When children feel safe they are more engaged and outgoing. When planned carefully, low landscape plantings, mounding or the school building itself provides students the sense of enclosure and place that they need. For some playground locations, especially on urban sites, a fence may be needed around the space. If possible, capturing a multi-use play field directly bordering the playground offers students a large expanse to roam free while still being safely in view of the teacher on duty.

Balanced textures

Whether it’s asphalt, concrete, wood fiber mulch, grass or poured in place rubber (the bouncy bright-colored surface that’s so fun to walk on), multiple ground surface textures are a must. Much like interior spaces, the texture of the ground plane is a signifier to students of what the space’s primary use is. For a playground, softer textures such as play mulch or poured in place rubber should be used around play structures where the risk of falling is greatest.

The ideal playground design offers a harmonious balance between soft surface play areas and asphalt play areas for basketball and painted games.

Multiple textures create a balanced playground for students.

Equipment for choice

There are many options for playground structures, but they fall into two types—those with an obvious purpose, and those without. Straightforward play elements, such as a structure you climb to reach a slide, provide students with a task to accomplish (reach the slide and go down). These structures are great for young children and students with limited mobility, as they can easily climb a few platforms to complete the task and get a different vantage point of the play area.

The alternative is an ambiguous play structure—something a student sees but isn’t quite sure what to do with it, so they explore the possibilities. Creativity is a big part of play, and an important skill for children to develop. Ambiguous play equipment allows students to climb around and choose their own adventure, practicing creativity and imagination that will benefit them throughout their lives.

Play equipment at River Terrace Education Campus encourages students to use their imaginations.
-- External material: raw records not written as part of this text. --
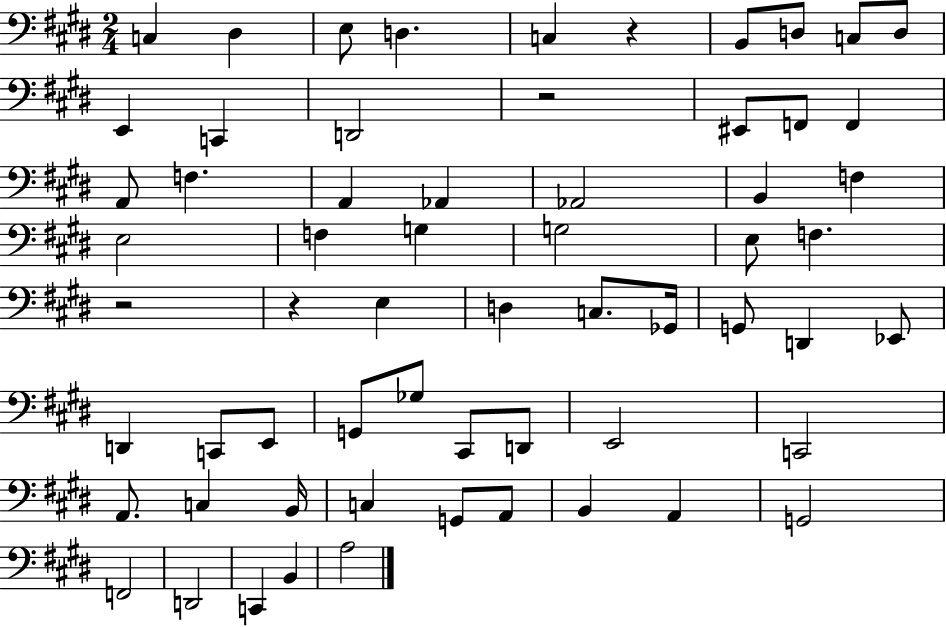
{
  \clef bass
  \numericTimeSignature
  \time 2/4
  \key e \major
  c4 dis4 | e8 d4. | c4 r4 | b,8 d8 c8 d8 | \break e,4 c,4 | d,2 | r2 | eis,8 f,8 f,4 | \break a,8 f4. | a,4 aes,4 | aes,2 | b,4 f4 | \break e2 | f4 g4 | g2 | e8 f4. | \break r2 | r4 e4 | d4 c8. ges,16 | g,8 d,4 ees,8 | \break d,4 c,8 e,8 | g,8 ges8 cis,8 d,8 | e,2 | c,2 | \break a,8. c4 b,16 | c4 g,8 a,8 | b,4 a,4 | g,2 | \break f,2 | d,2 | c,4 b,4 | a2 | \break \bar "|."
} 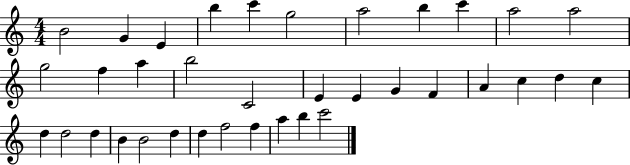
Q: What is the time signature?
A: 4/4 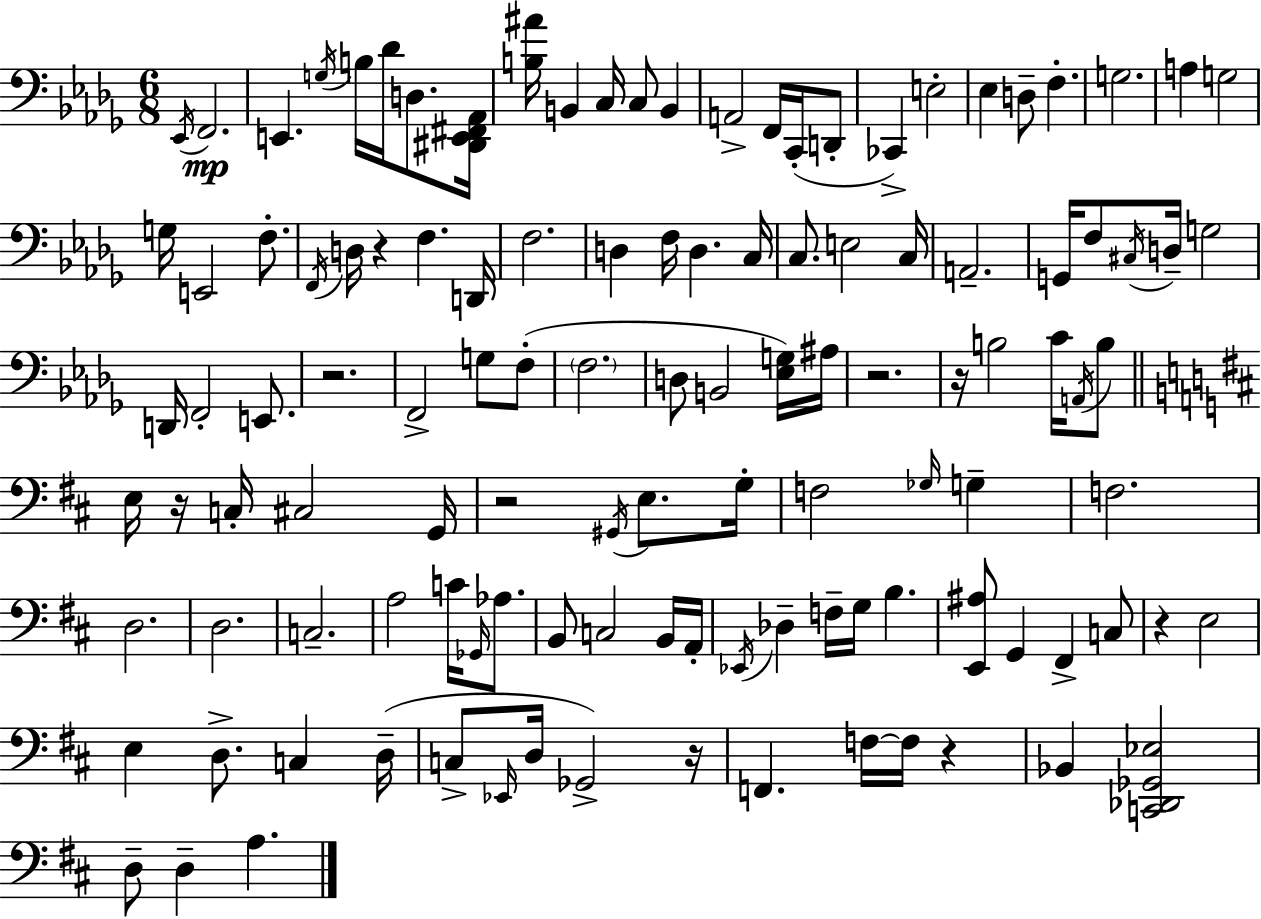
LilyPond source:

{
  \clef bass
  \numericTimeSignature
  \time 6/8
  \key bes \minor
  \acciaccatura { ees,16 }\mp f,2. | e,4. \acciaccatura { g16 } b16 des'16 d8. | <dis, e, fis, aes,>16 <b ais'>16 b,4 c16 c8 b,4 | a,2-> f,16 c,16-.( | \break d,8-. ces,4->) e2-. | ees4 d8-- f4.-. | g2. | a4 g2 | \break g16 e,2 f8.-. | \acciaccatura { f,16 } d16 r4 f4. | d,16 f2. | d4 f16 d4. | \break c16 c8. e2 | c16 a,2.-- | g,16 f8 \acciaccatura { cis16 } d16-- g2 | d,16 f,2-. | \break e,8. r2. | f,2-> | g8 f8-.( \parenthesize f2. | d8 b,2 | \break <ees g>16) ais16 r2. | r16 b2 | c'16 \acciaccatura { a,16 } b8 \bar "||" \break \key d \major e16 r16 c16-. cis2 g,16 | r2 \acciaccatura { gis,16 } e8. | g16-. f2 \grace { ges16 } g4-- | f2. | \break d2. | d2. | c2.-- | a2 c'16 \grace { ges,16 } | \break aes8. b,8 c2 | b,16 a,16-. \acciaccatura { ees,16 } des4-- f16-- g16 b4. | <e, ais>8 g,4 fis,4-> | c8 r4 e2 | \break e4 d8.-> c4 | d16--( c8-> \grace { ees,16 } d16 ges,2->) | r16 f,4. f16~~ | f16 r4 bes,4 <c, des, ges, ees>2 | \break d8-- d4-- a4. | \bar "|."
}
Whether straightforward or ambiguous, playgrounds should provide a variety of equipment and activities for students to choose from. Choice is instrumental to student development—deciding what to do, who to do it with and where to do it at. Deciding to go up, down or upside down puts students in charge of their learning.

More than recess

Outdoor classrooms are springing up everywhere. If your school doesn’t have one, consider designing your playground to double as an outdoor classroom for science lessons and experiments. Rain gardens and native plantings provide learning opportunities for students, and require little maintenance for staff.

A rain garden at Prairie Trail Elementary School provides students with access to natural vegetation for environmental learning.

Playgrounds should be places for students to let loose and have fun, unaware of the valuable skills they’re developing outside of the classroom. By designing a safe, balanced playground centered on student choice, you’re creating a learning environment where the sky is the limit.